→ WORK TO BE COMPLETED: Your response is a verbatim copy of the listing, stripped of its images.

→ EXERCISE INPUTS:
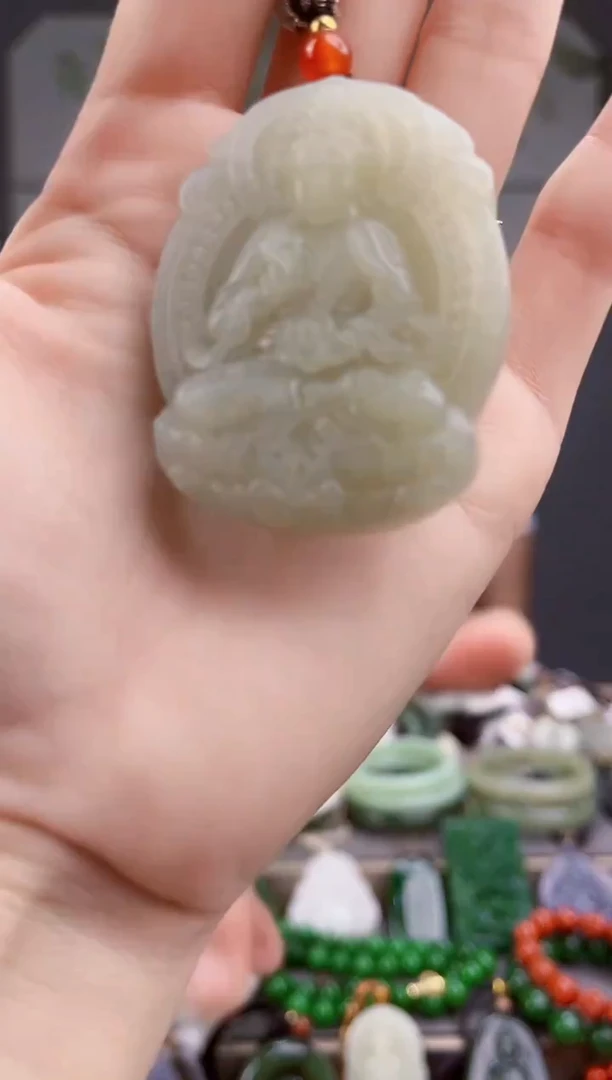 颈饰未镶嵌和田玉多样性发货拍一单发一个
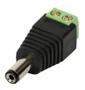 Imagem de Kit Conectores Plug P4 Macho Com Borne Ligar Camera - 10 Und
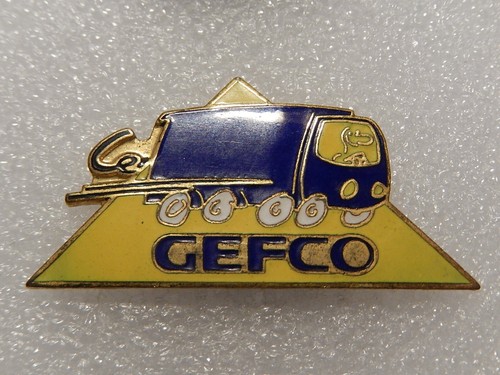 Pin camion gefco - camion,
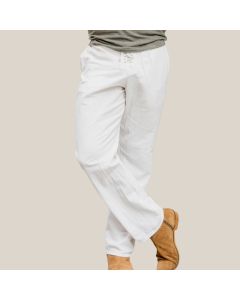 Cotton Drawstring Pants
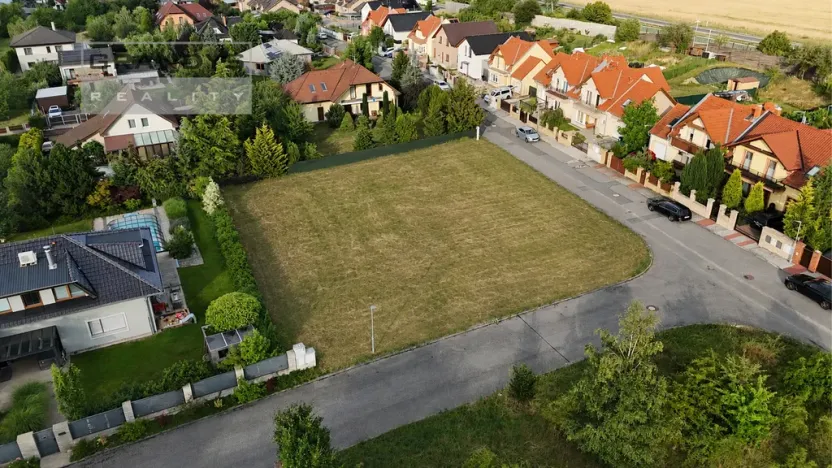 Prodej pozemku pro bydlení, Řitka, Pod Pražskou, 1252 m2
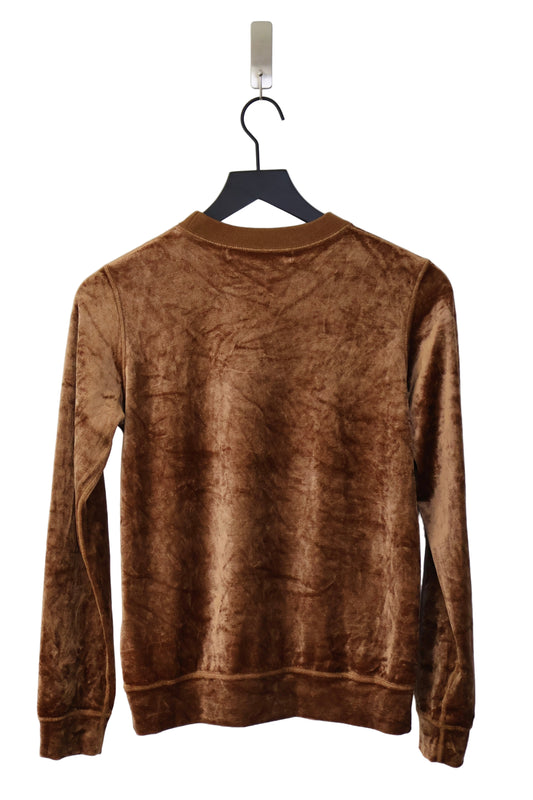 2005 Junya Watanabe Comme des Garcons Velour Sweatshirt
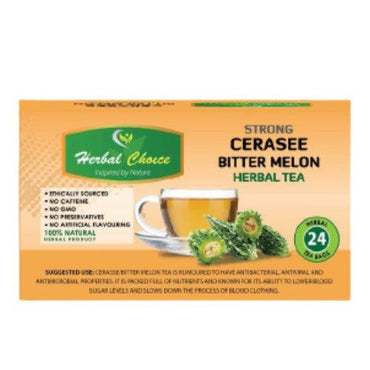 Herbal Choice Bitter Melon Tea-SurulereFoods — Drinks — Buy Online UK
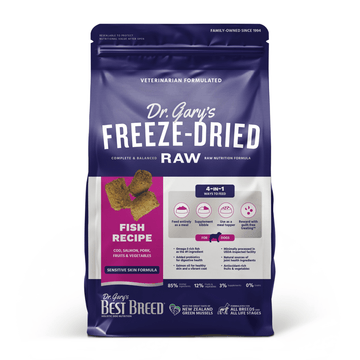 Freeze-Dried Fish Recipe
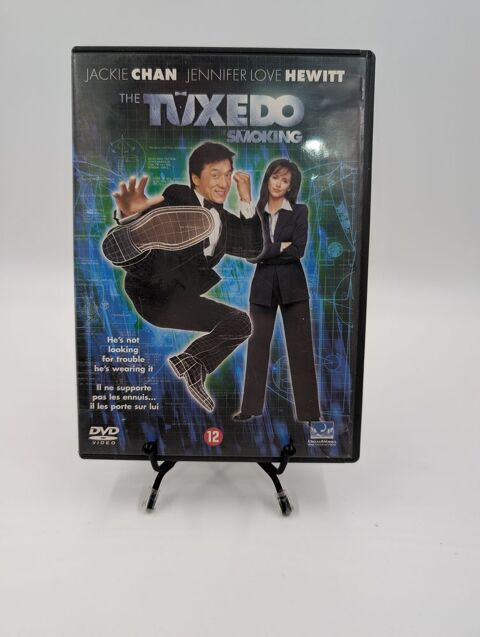 Film DVD The Tuxedo Smoking en boite 2 Vulbens (74)
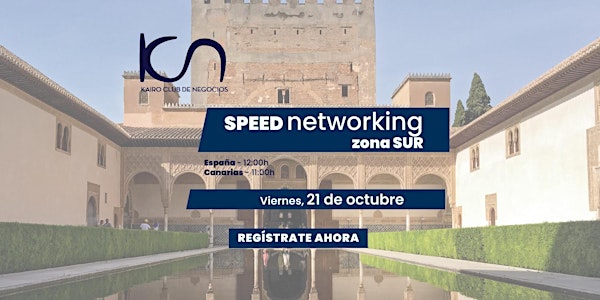 KCN Speed Networking Online Zona Sur - 21 de octubre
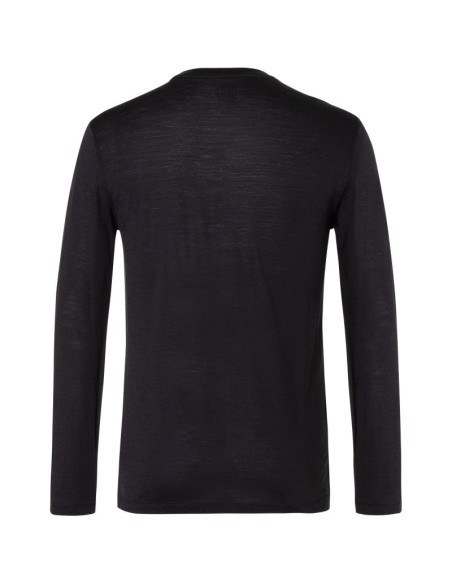 Koszulka z długim rękawem męska super.natural m 2 pitch ls czarna
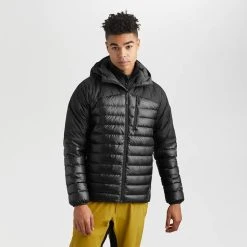 Outdoor Research Helium Down Hoodie - Men's -Western Mountaineering shop 2775720001e rsz 01053.1661295324
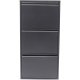 KARE DESIGN Shoe Container Caruso 3 Anthracite (MO)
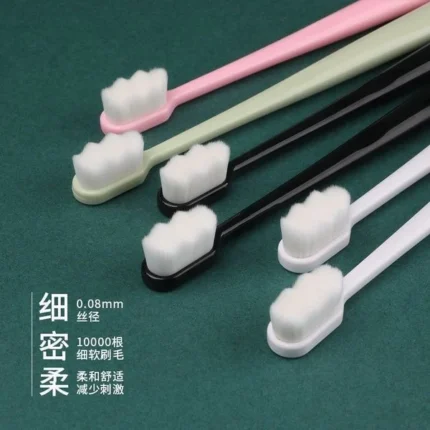 Those who have Dental Problems Japanese-style soft bristles, Kids/adult household small head confinement -1pcs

→ WRITTEN ANSWER:
 颈饰未镶嵌和田玉多样性发货拍一单发一个
 Imagem de Kit Conectores Plug P4 Macho Com Borne Ligar Camera - 10 Und
 Pin camion gefco - camion,
 Cotton Drawstring Pants
 Prodej pozemku pro bydlení, Řitka, Pod Pražskou, 1252 m2
 2005 Junya Watanabe Comme des Garcons Velour Sweatshirt
 Herbal Choice Bitter Melon Tea-SurulereFoods — Drinks — Buy Online UK
 Freeze-Dried Fish Recipe
 Film DVD The Tuxedo Smoking en boite 2 Vulbens (74)
 KCN Speed Networking Online Zona Sur - 21 de octubre
 Koszulka z długim rękawem męska super.natural m 2 pitch ls czarna
 Outdoor Research Helium Down Hoodie - Men's -Western Mountaineering shop 2775720001e rsz 01053.1661295324
 KARE DESIGN Shoe Container Caruso 3 Anthracite (MO)
 Those who have Dental Problems Japanese-style soft bristles, Kids/adult household small head confinement -1pcs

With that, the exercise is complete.